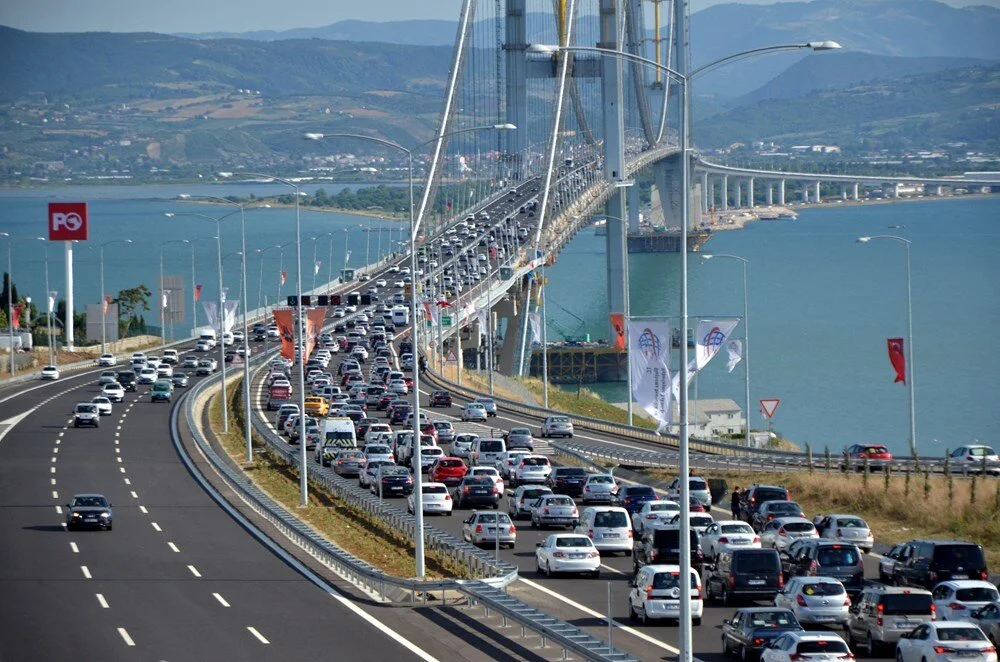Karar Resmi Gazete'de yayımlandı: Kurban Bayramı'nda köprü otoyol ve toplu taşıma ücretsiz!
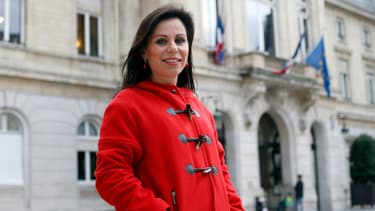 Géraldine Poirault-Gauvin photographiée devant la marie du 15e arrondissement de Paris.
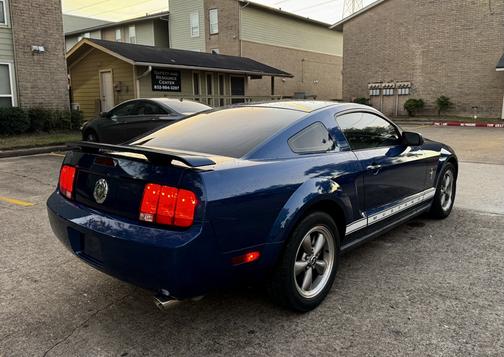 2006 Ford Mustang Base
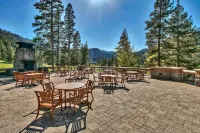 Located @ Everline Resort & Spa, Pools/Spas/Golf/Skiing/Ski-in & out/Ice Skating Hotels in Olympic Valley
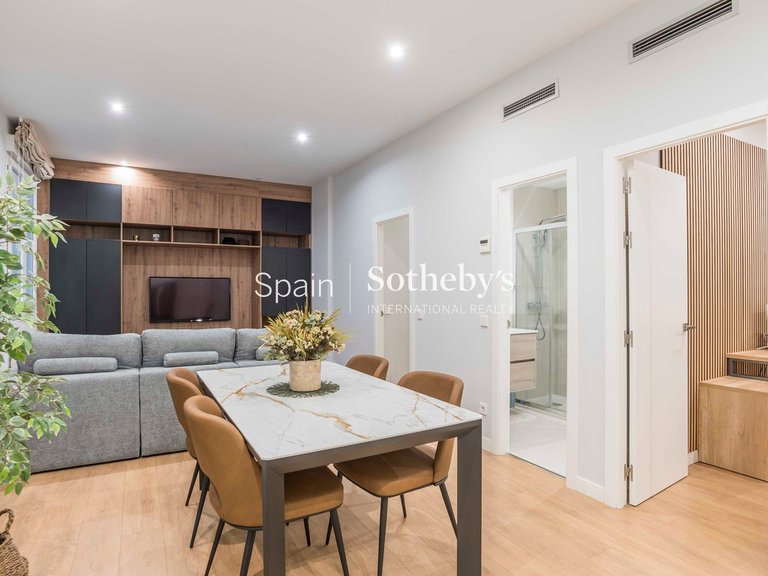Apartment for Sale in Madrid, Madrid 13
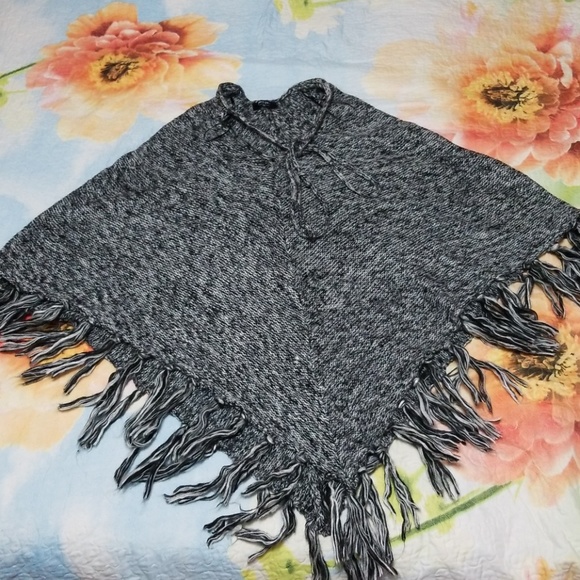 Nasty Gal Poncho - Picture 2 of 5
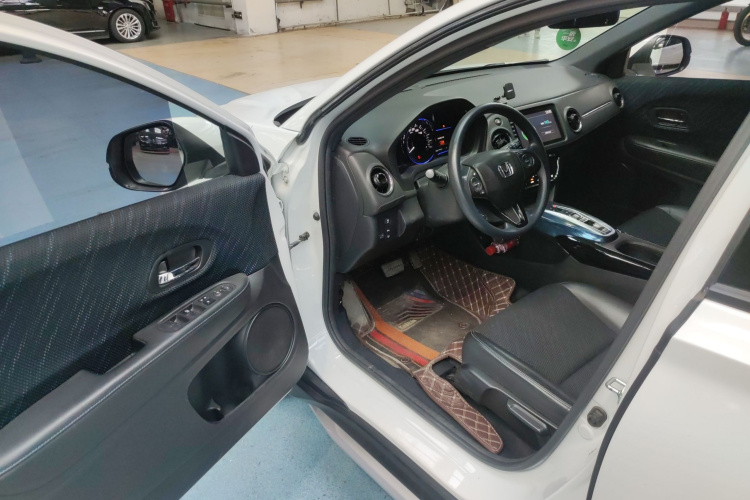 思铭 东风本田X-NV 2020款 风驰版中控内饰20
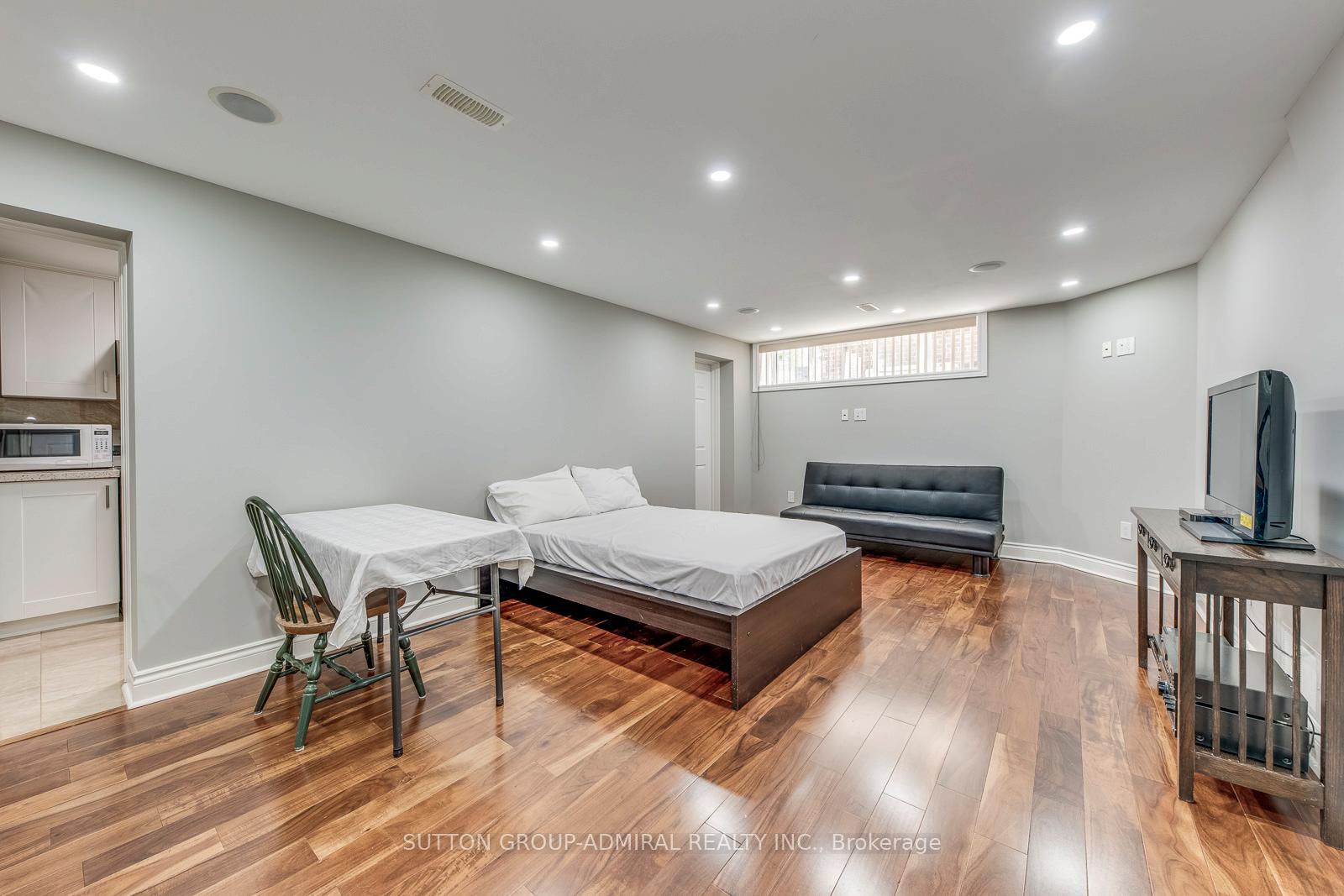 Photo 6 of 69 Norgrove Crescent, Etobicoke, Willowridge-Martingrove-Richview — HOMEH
= = = = =
§ **Work instruction**: Give the entries again without a single change, but with no pictures.

§ **Task result**:
Karar Resmi Gazete'de yayımlandı: Kurban Bayramı'nda köprü otoyol ve toplu taşıma ücretsiz!
 Géraldine Poirault-Gauvin photographiée devant la marie du 15e arrondissement de Paris.
 2006 Ford Mustang Base
 Located @ Everline Resort & Spa, Pools/Spas/Golf/Skiing/Ski-in & out/Ice Skating Hotels in Olympic Valley
Apartment for Sale in Madrid, Madrid 13
 Nasty Gal Poncho - Picture 2 of 5
 思铭 东风本田X-NV 2020款 风驰版中控内饰20
 Photo 6 of 69 Norgrove Crescent, Etobicoke, Willowridge-Martingrove-Richview — HOMEH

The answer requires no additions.